Ahhh, it's no wonder that one Commissar, turned to heavy drinking to deal with his issues.

Thankfully, I'm not like him in any way whatsoever!

>He'd take a sip from the cup.

>I'd whisper into one of the spawn's many ears, speaking in Daemon whisper
Listen here, you wretched spawn. I know who you are. I know what you are. Tread carefully.

are you the leader of this fuckin rable?
these disgraceful insolent almost hetitics?

You will watch your mouth, Priest! These are good, loyal soldiers of the Imperium! And you WILL treat them as such!

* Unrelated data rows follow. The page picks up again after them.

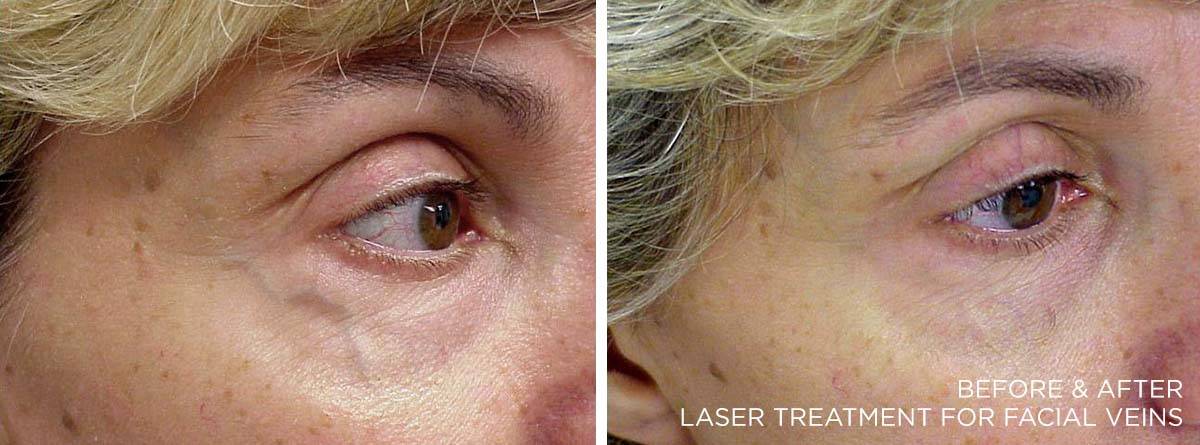 Before and After Enlarged Blood Vessels Treatment 2
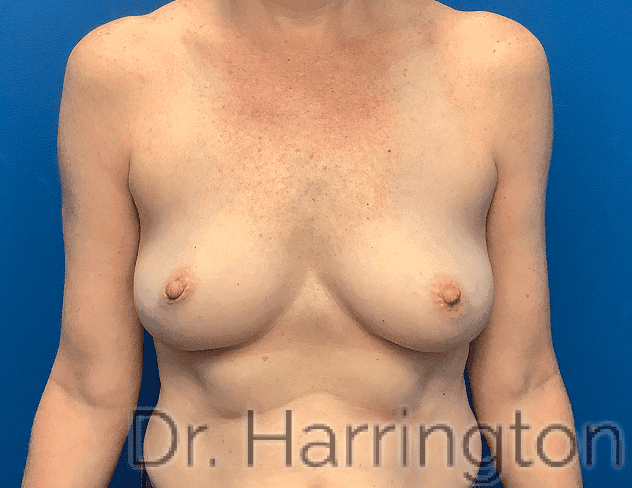 Breast case #8032 before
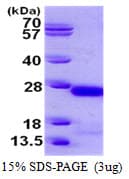 Human CRYGC / CCL Protein (Recombinant His)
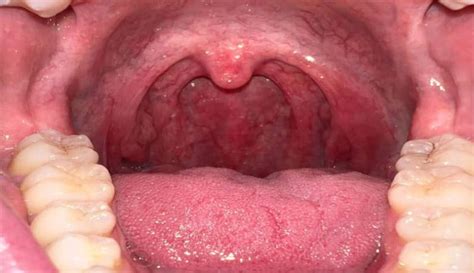 Cobblestone Throat What You Need To Know Any Health News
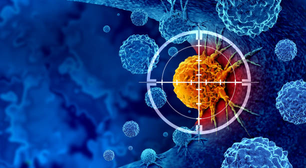 Poliaminas podem acelerar o crescimento de tumores cancerosos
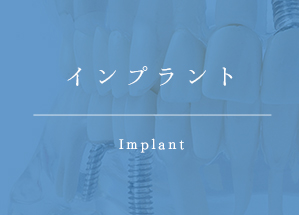 インプラント Implant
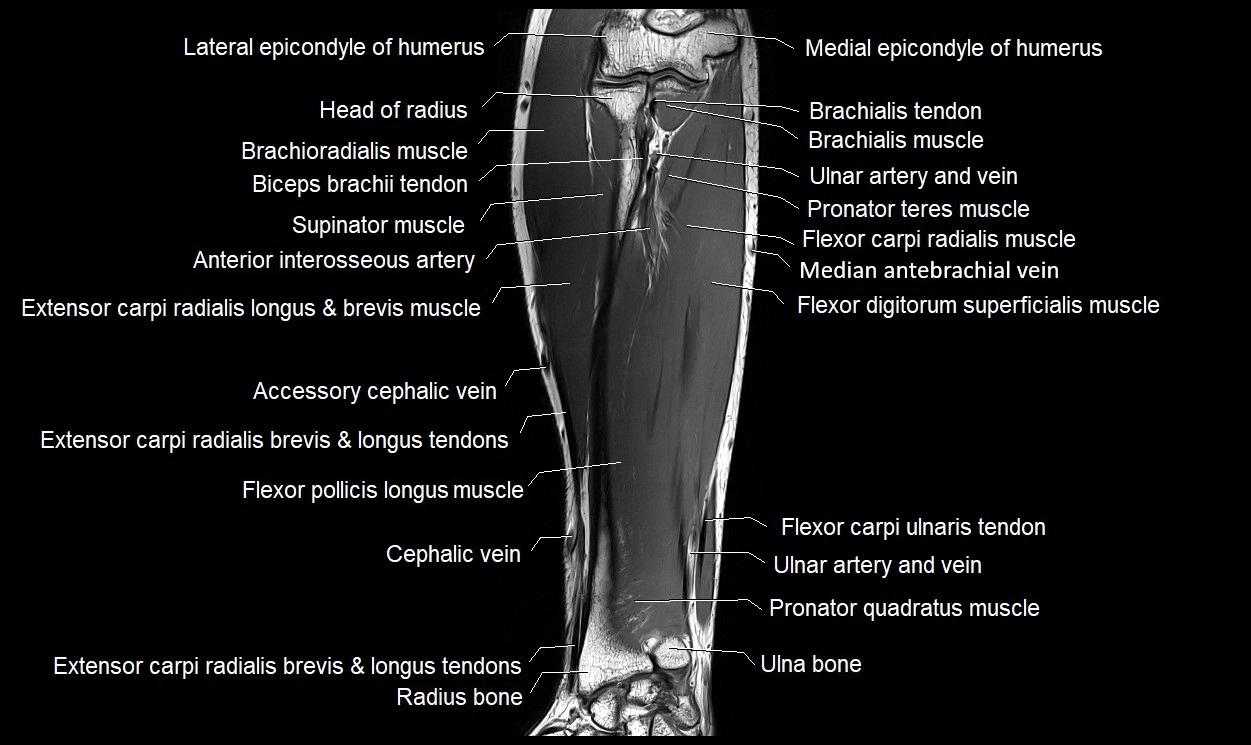 MRI 3T forearm coronal cross sectional anatomy image 13.webp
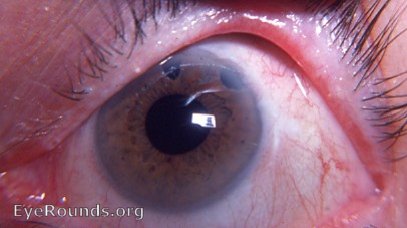 perfect intracapsular cataract operation with two peripheral iridectomies - a part of cataract surgery's history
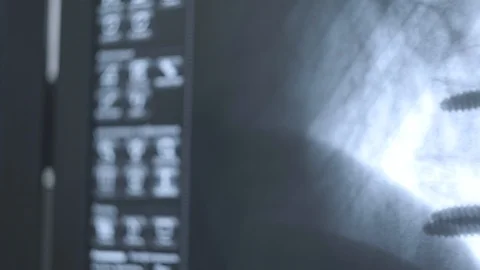 X-ray with bone fracture on a computer monitor 2 Stock Footage 101478517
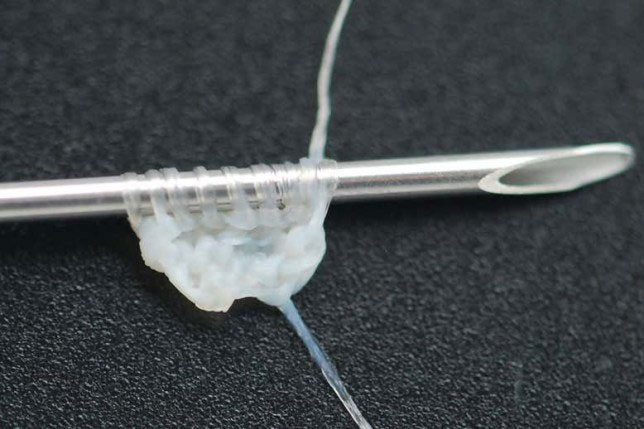 Picture 1 of Initiative to use human skin sutures for suturing patients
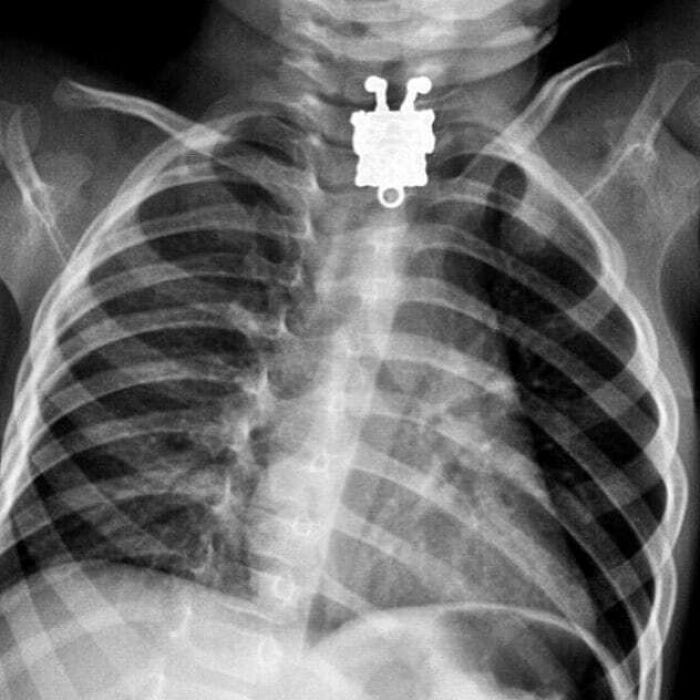 X-ray image showing an uncanny medical object lodged in the chest near the ribcage and spine.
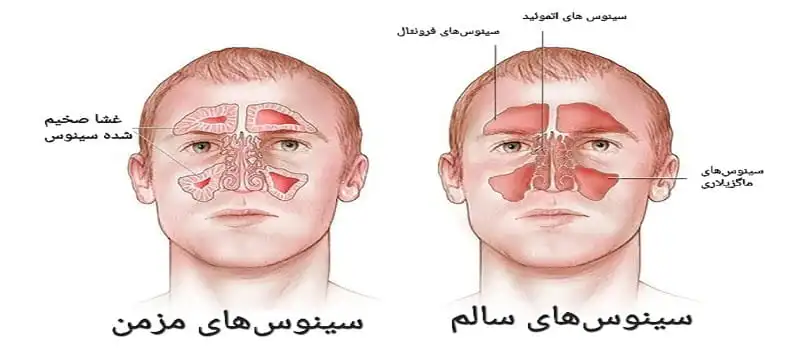 انواع سینوس‌ها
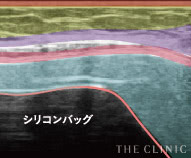 シリコンバッグ破損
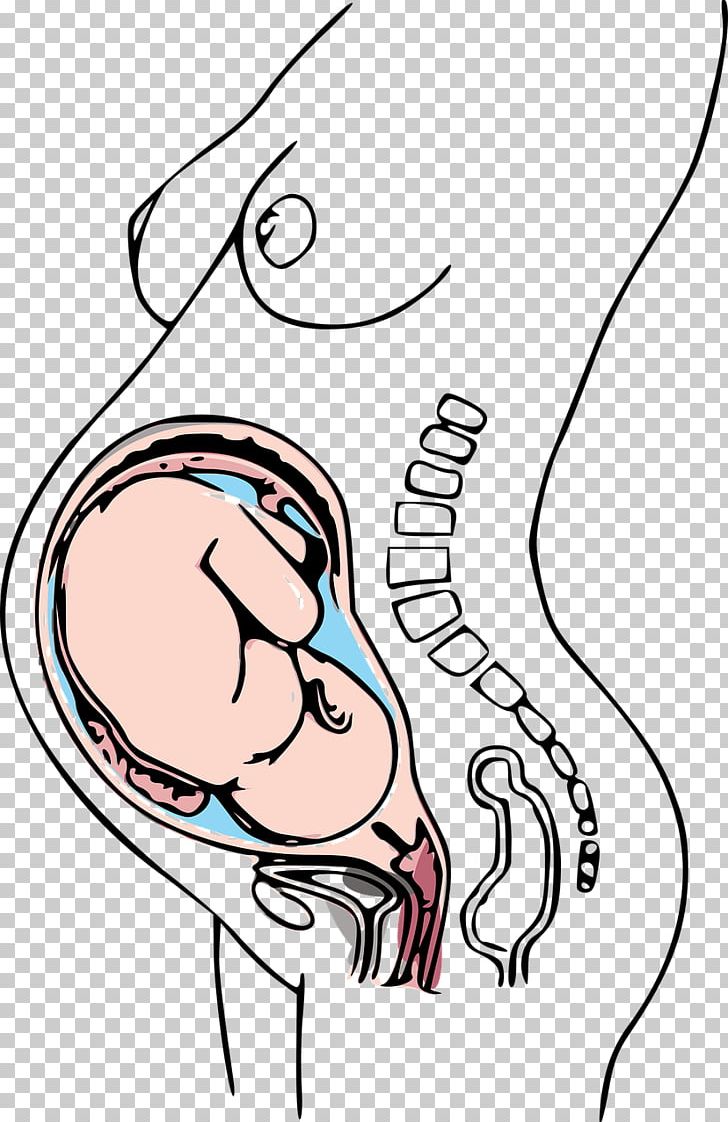 Pregnancy Caesarean Section Prenatal Care Morning Sickness Woman PNG, Clipart, Arm, Cheek, Child, Clo, Disease Free PNG Download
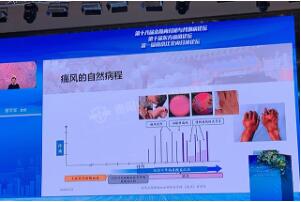 贵阳强直医院林孝义教授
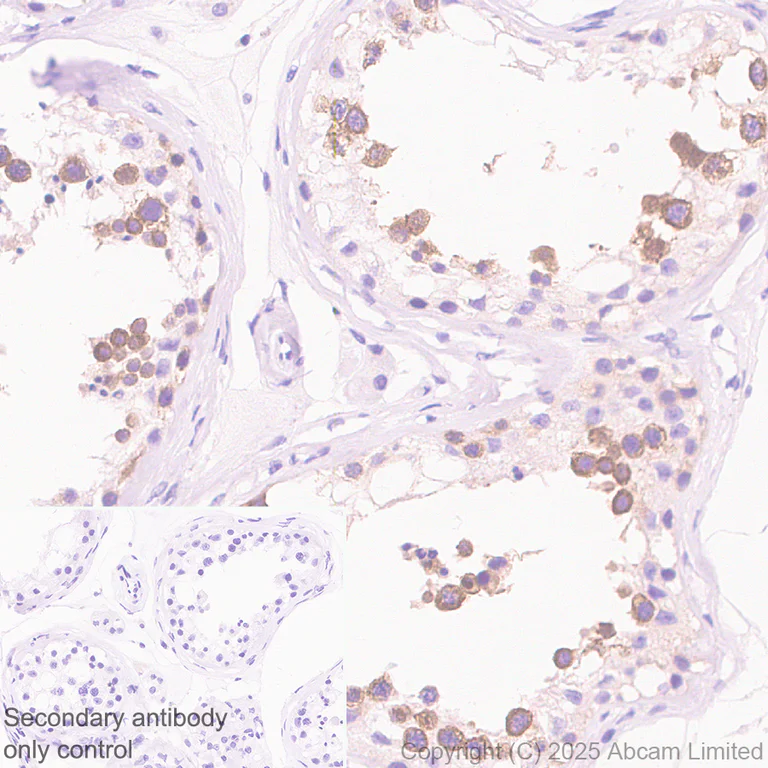 Immunohistochemistry (Formalin/PFA-fixed paraffin-embedded sections) - Anti-CIP2A antibody [EPR29632-7] (AB325239)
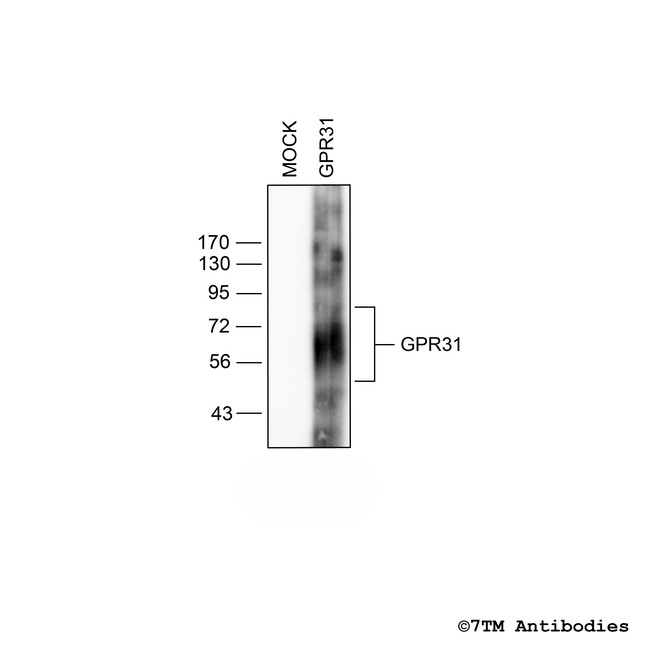GPR31, G protein-coupled Receptor 31 Antibody in Western Blot (WB)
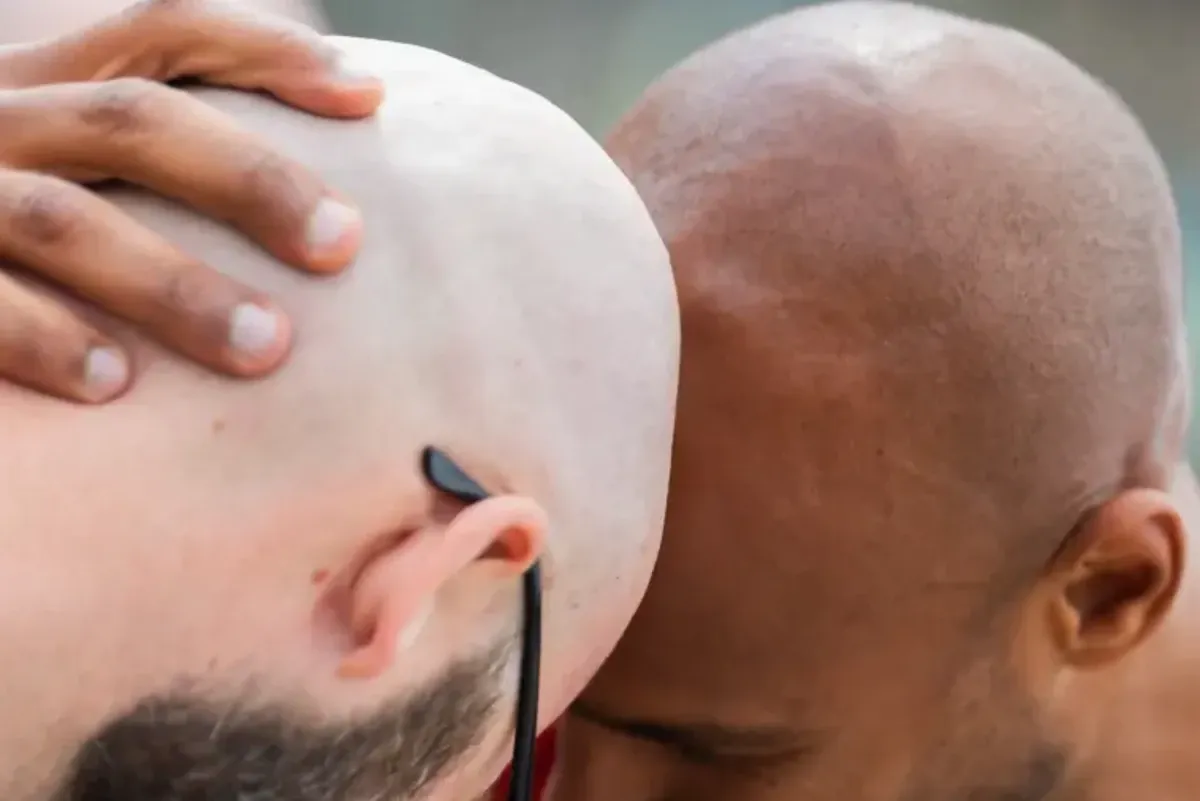 Từ thuốc viêm khớp đến công nghệ AI: cuộc chơi mới trong điều trị rụng tóc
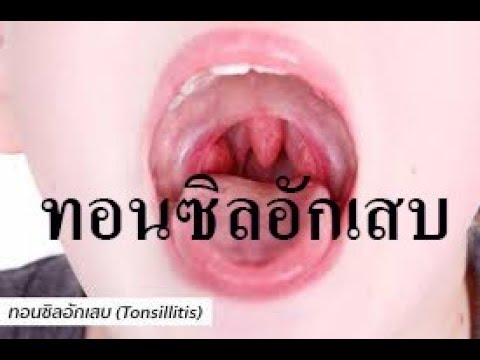 Elena Malysheva โรคสะเก็ดเงินสุขภาพโปรแกรม คลินิก Ekaterinburg สำหรับการรักษาโรคสะเก็ดเงิน
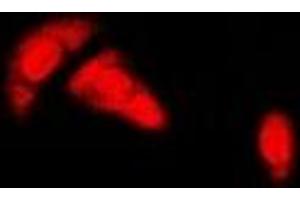 Immunofluorescent analysis of Estrogen Receptor alpha staining in HeLa cells. (Estrogen Receptor alpha anticorps)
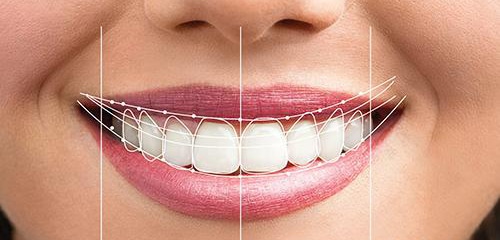 Los 5 tratamientos más demandados de Estética dental en Valencia
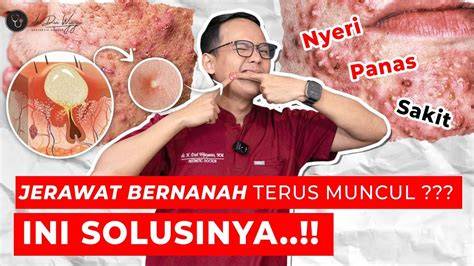 twittTerR SaKiT Mas peNgAntIn - Menyajikan playlist Cara atasi Higgs keluar sendiri saat libur nasional image 1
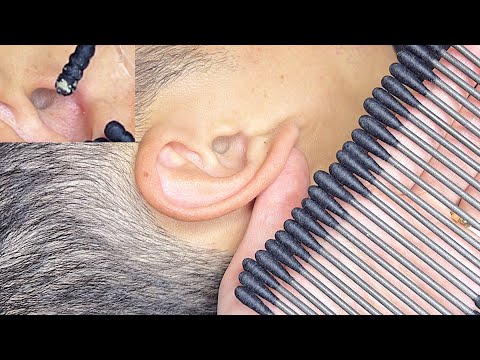 테토녀 귀파기🚫 고막 울리는 ㄹㅈㄷ 귀청소 ear cleaning real person 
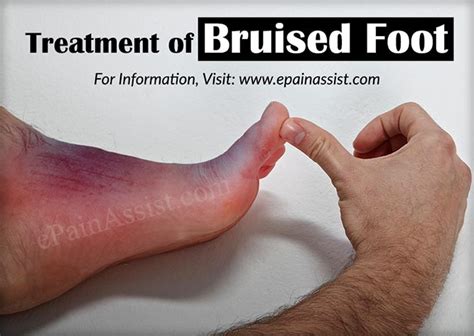Bruised Footcausessymptomstreatmenthealing Time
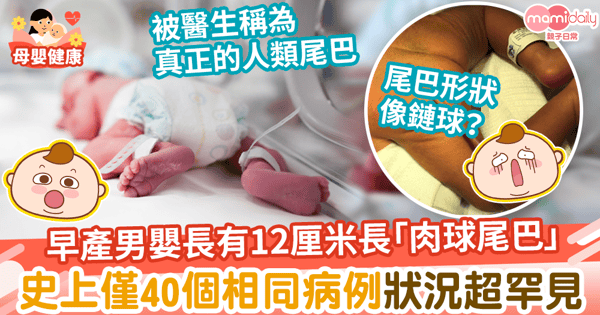 【嬰兒尾巴】早產男嬰臀部長出12厘米長肉球尾巴　人類史上僅40相同病例狀況超罕見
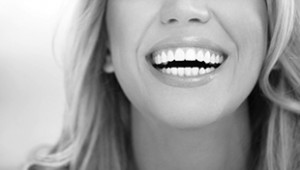 Harley Street veneers dentist smiling face women with dental veneers
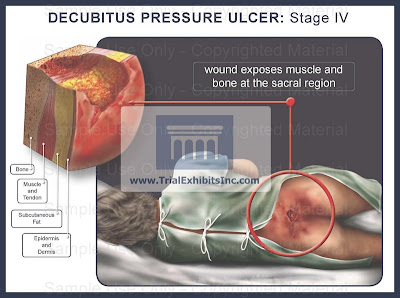 Pressure Ulcer Stage 4 Pictures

Oh, I do respect them, whenever I meet them... That's going to leave a mark... Would you kindly remove your boot from my hand?
He is! He is, and he dislikes it when his favorite Astropath is being oppressed!
Yes, treat me as such!... Pretty please?

well so much for going diving

one was gambleing, another was just eaten, another looks like a bug, yet another I'm sure has some form of disease that gives him tenticals
and A FUCKING WITCH, had the NERVE to tell ME to leave this WORLD.

your reqimant is not doing good in its first impressions

>the confessor turns and fires a short burst of flames at the bastard setting his clothes aflame

YOU JUST MET ONE

Again, I'm pretty sure that was just private Hamms who did that...

looks like you were almost fired there, astropath
>chuckles

but seriously keep that flamer away from these charcoals I found, cant let them burn before the barbecue

I would hate to try and cool with plasma, it tastes worse than it smells

Gambling, although not the best use of one's time, and resources, allows the men to bond, and it helps to raise regimental moral!

Has for everything else, I'm sure the sun was merely in your eyes, or you misheard due to the sound of crashing waves, against the beach.